▶ EXERCISE BRIEF: The result should be the full listing copied exactly, with no pictures in it.

▶ DATA BLOCK:
□ □ □ □

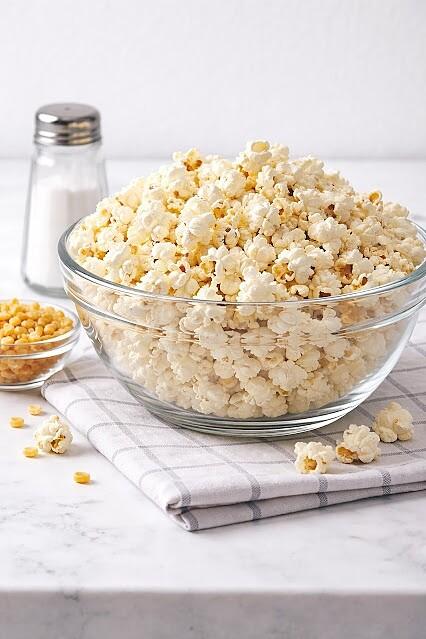 Fit popcorn bez tłuszczu
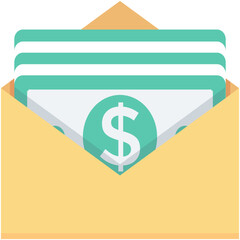 Payment Colored Vector Icon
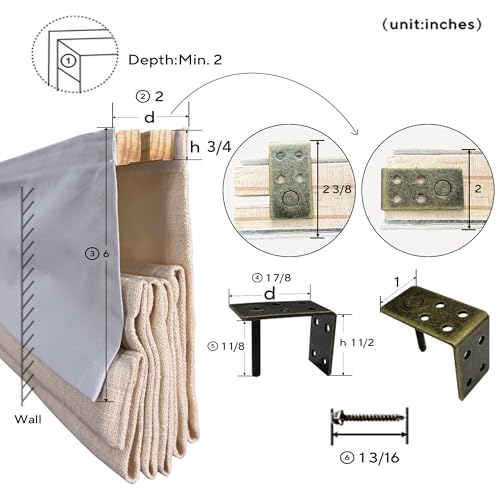 Neutral Curtains Lily Cordless Relaxed Roman Window Shades, Custom Linen Blackout Roman Shades for Windows, Room Darkening Roman Blinds for Bedroom, 1 Shade, Relaxed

□ □ □ □

▶ ANSWER SECTION:
 Fit popcorn bez tłuszczu
 Payment Colored Vector Icon
 Neutral Curtains Lily Cordless Relaxed Roman Window Shades, Custom Linen Blackout Roman Shades for Windows, Room Darkening Roman Blinds for Bedroom, 1 Shade, Relaxed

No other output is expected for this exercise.